(Data for processing Opens)

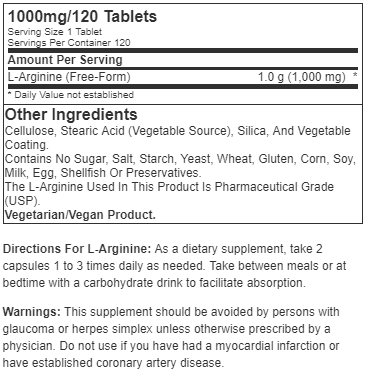 NOW L-Arginine 1000mg (120 Tablets) - NutriFirst Pte Ltd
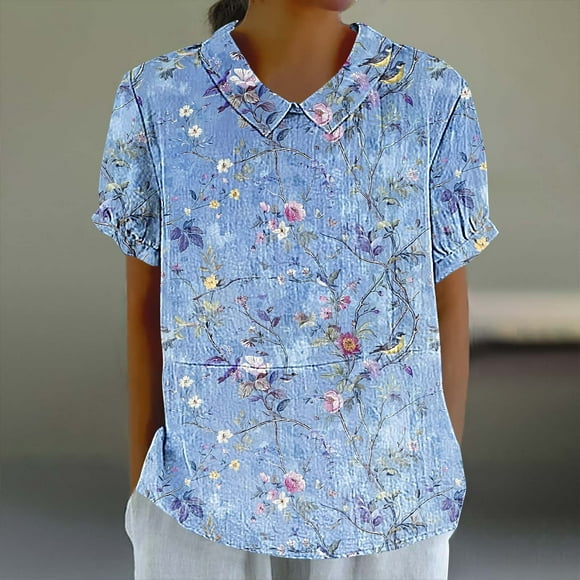 Ichuanyi Women's Fashion Printed Short Sleeve Doll Collar Linen Top Short Sleeve Round Collar Top/Shirt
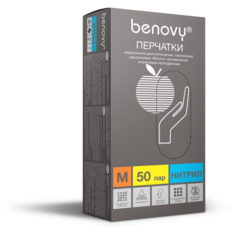 Benovy, Перчатки нитриловые, неопудренные, 3,6 г, 100 шт, красные (4 размера), 3,6 гр, 100 шт, L, красные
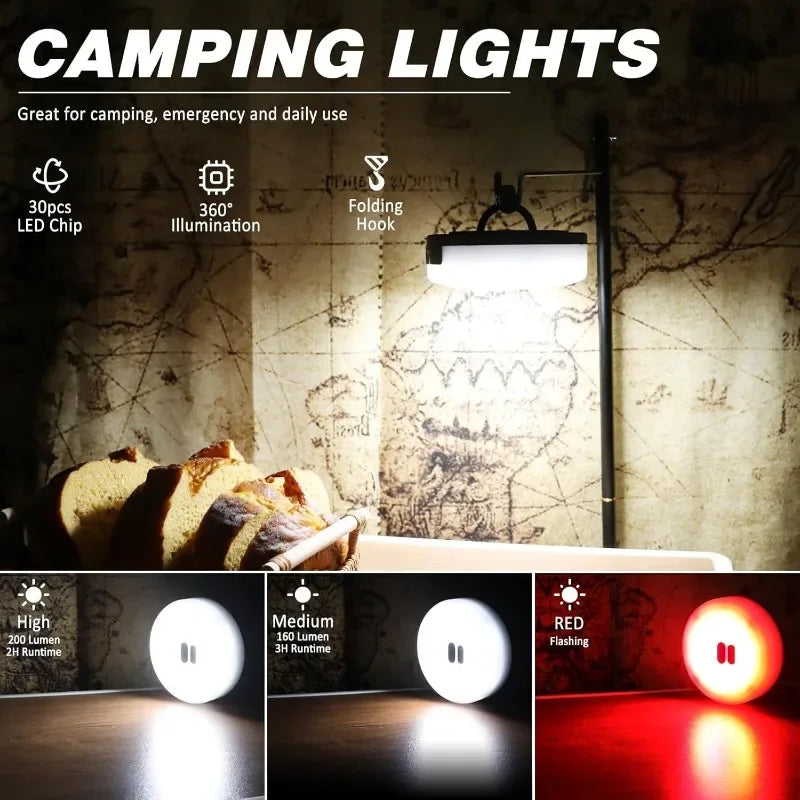 Camping String Light,32.8FT Warm Light Rechargeable Waterproof LED Hanging Light for Camping Tent Garden Party Festival Decor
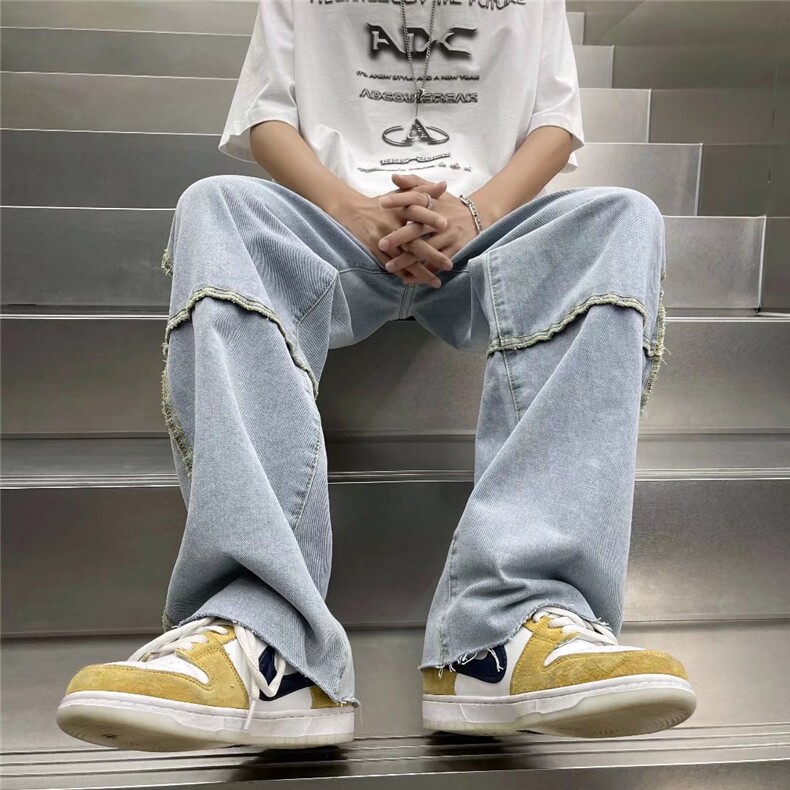 毛边牛仔裤男夏季潮牌宽松大码休闲裤子高街设计感NZ15P38图片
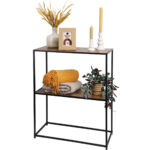 Mehrzweck-Regal mit 2 Ebenen, schwarz-braun, 70 x 85 x 30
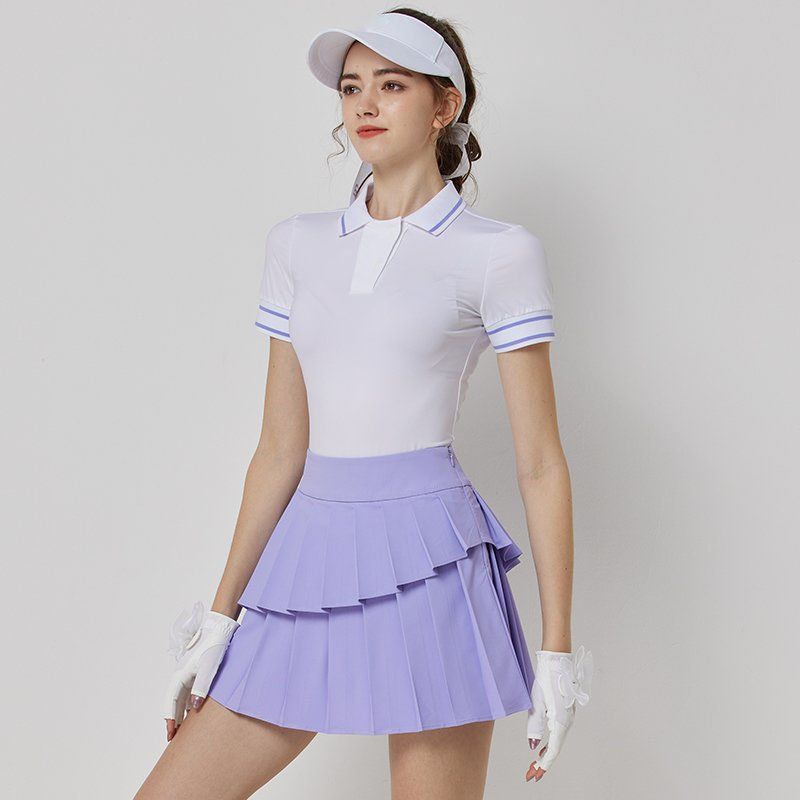 【好品質 新店特惠】高爾夫球裙 高爾夫球衣女 高爾夫服女短裙百褶裙防走光短袖T恤夏季緊身顯瘦女士韓版上衣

(Data for processing Closes)

◆ Activity ◆
Wherever an image sits in the data, omit it; everything else must be copied exactly.

◆ Finished exercise ◆
 NOW L-Arginine 1000mg (120 Tablets) - NutriFirst Pte Ltd
 Ichuanyi Women's Fashion Printed Short Sleeve Doll Collar Linen Top Short Sleeve Round Collar Top/Shirt
 Benovy, Перчатки нитриловые, неопудренные, 3,6 г, 100 шт, красные (4 размера), 3,6 гр, 100 шт, L, красные
 Camping String Light,32.8FT Warm Light Rechargeable Waterproof LED Hanging Light for Camping Tent Garden Party Festival Decor
 毛边牛仔裤男夏季潮牌宽松大码休闲裤子高街设计感NZ15P38图片
 Mehrzweck-Regal mit 2 Ebenen, schwarz-braun, 70 x 85 x 30
 【好品質 新店特惠】高爾夫球裙 高爾夫球衣女 高爾夫服女短裙百褶裙防走光短袖T恤夏季緊身顯瘦女士韓版上衣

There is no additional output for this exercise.